• [The task] Retype exactly the lines from the one that contains "Kiel, Šlezvicko-Holštajnsko Predaj" through the end of the listing, both included, but not the pictures.

• [Source material]
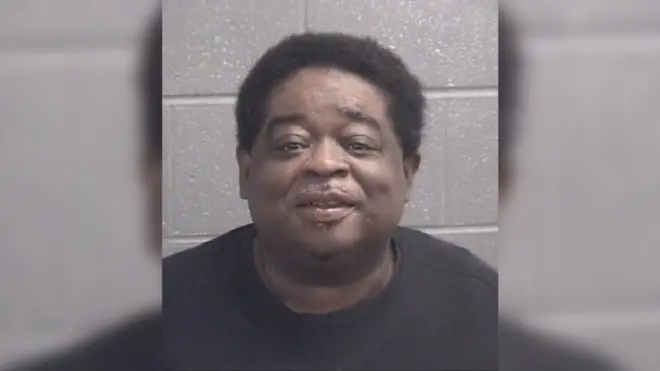 Karsit Keet Bankston erga to'annoo jala oolfamanii booda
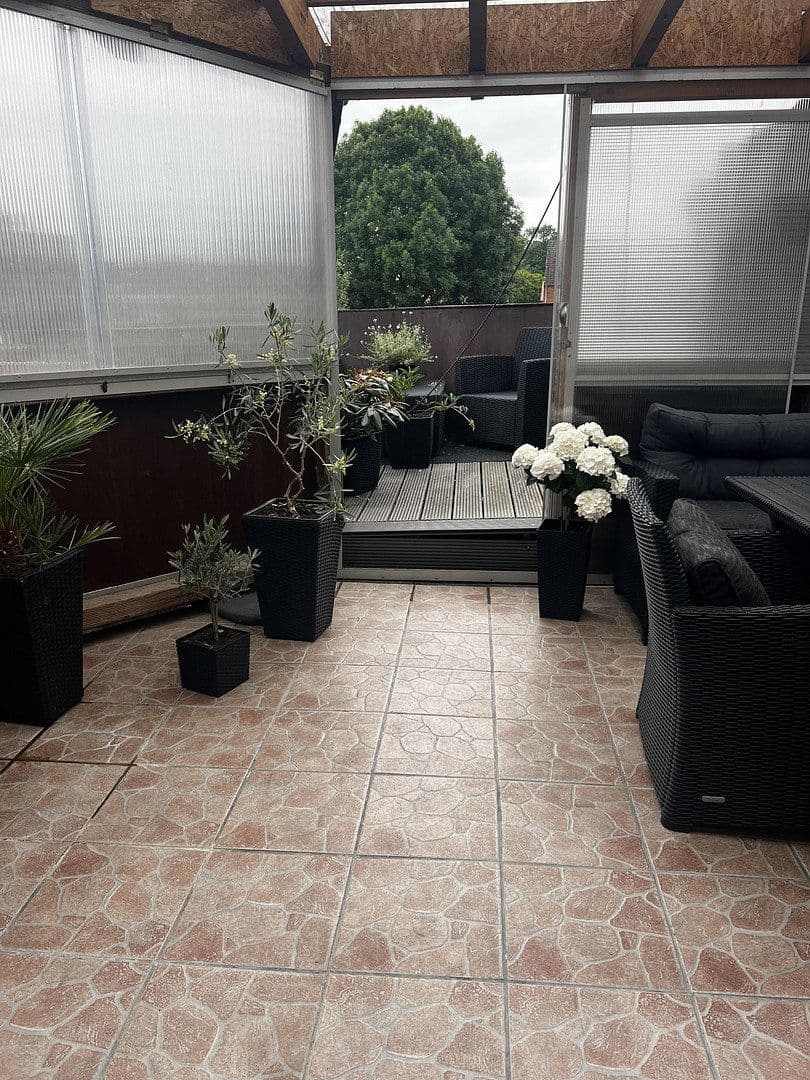 Predaj domu 300 m², pozemok 313 m², Kiel, Šlezvicko-Holštajnsko Predaj domu 300 m², pozemok 313 m², Kiel, Šlezvicko-Holštajnsko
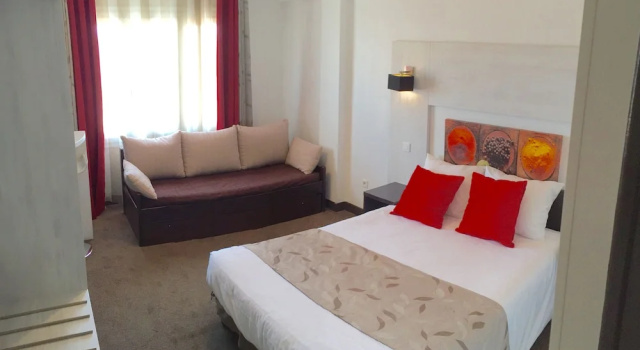 Manzaralı Balkonlu Süper çift kişilik oda Victoria Hotel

• [Answer space]
 Predaj domu 300 m², pozemok 313 m², Kiel, Šlezvicko-Holštajnsko Predaj domu 300 m², pozemok 313 m², Kiel, Šlezvicko-Holštajnsko
 Manzaralı Balkonlu Süper çift kişilik oda Victoria Hotel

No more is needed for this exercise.